Quase seis anos depois de ter aprovado a compra do edifício que acolheu, entre 1920 e 2002, a Confiança, fábrica de sabonetes e de outros produtos cosméticos, a Câmara Municipal de Braga está prestes a reverter a decisão. Em Novembro de 2011, a autarquia, então presidida pelo socialista Mesquita Machado, aprovou a compra do imóvel à então proprietária, a empresa Urbinews, e concretizou-a por 3,5 milhões de euros, no final de 2012. Nesta quarta-feira, a maioria liderada por Ricardo Rio – sete dos 11 vereadores são da coligação PSD/CDS-PP/PPM - vai propor a venda do edifício hoje degradado por 3,9 milhões.

Esta decisão surge precisamente um ano depois de ter sido lançada a possibilidade do município vender a Confiança. Num comunicado emitido no domingo anterior, o autarca social-democrata dá as mesmas razões de Setembro de 2017 para a alienação: a falta de dinheiro, depois da aplicação dos fundos comunitários nas requalificações do Forum Braga e do mercado municipal, e a garantia da preservação da memória da fábrica, com a criação do núcleo museológico da fábrica e a “manutenção da componente arquitectónica”.

Pelo meio, em Março de 2018, a Câmara Municipal afirmou que recuava na venda da Confiança, caso garantisse fundos da reprogramação do Portugal 2020. Questionado pelo PÚBLICO, Ricardo Rio disse que não houve “nenhum reforço das verbas para a reabilitação urbana em cidades como Braga”, pelo que a Câmara decidiu avançar com a venda. Para o autarca, a importância da Confiança prende-se, sobretudo, com a reabilitação do edifício e da zona envolvente. “A Confiança não está nas nossas prioridades culturais. A antiga escola Francisco Sanches, por exemplo, é mais prioritária, para acolher uma série de exposições”, explicou.

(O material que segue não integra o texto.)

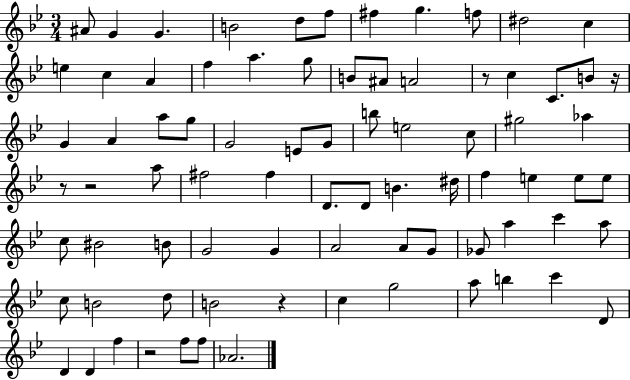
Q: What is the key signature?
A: BES major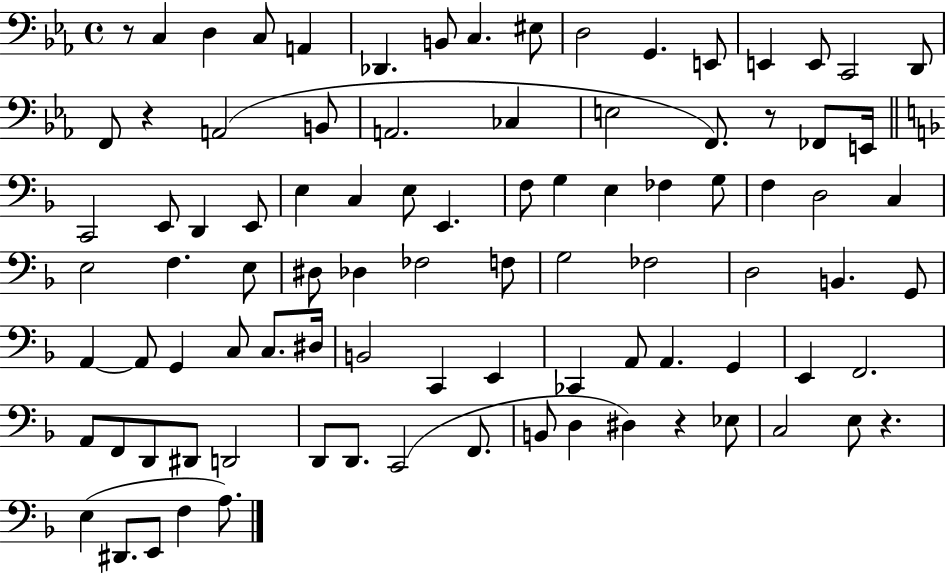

O PS e a CDU, forças da oposição no executivo, vão votar contra a alienação. Miguel Corais, um dos três vereadores socialistas, afirma que a venda desfaz um consenso gerado em torno da Confiança, em que Ricardo Rio foi um dos protagonistas, e pode prejudicar a candidatura a Capital Europeia da Cultura, em 2027. Já Carlos Almeida, único representante comunista na vereação, entende também que a venda trai um “compromisso assumido com as associações e os cidadãos” e vai propor a retirada do ponto da ordem de trabalhos, antes da votação.

A alienação merece também a oposição da Junta de Freguesia de São Victor, onde está implantado o edifício. Depois de Ricardo Rio ter anunciado a intenção de vender o imóvel na quinta-feira, a junta organizou, na noite de sexta-feira, um debate sobre o futuro da Confiança, que reuniu cerca de 80 pessoas no seu auditório. Após a sessão, foi lançada uma petição pública na Internet, intitulada “Pela não alienação da Fábrica Confiança”, que registou, até ao fecho desta edição, 970 assinaturas.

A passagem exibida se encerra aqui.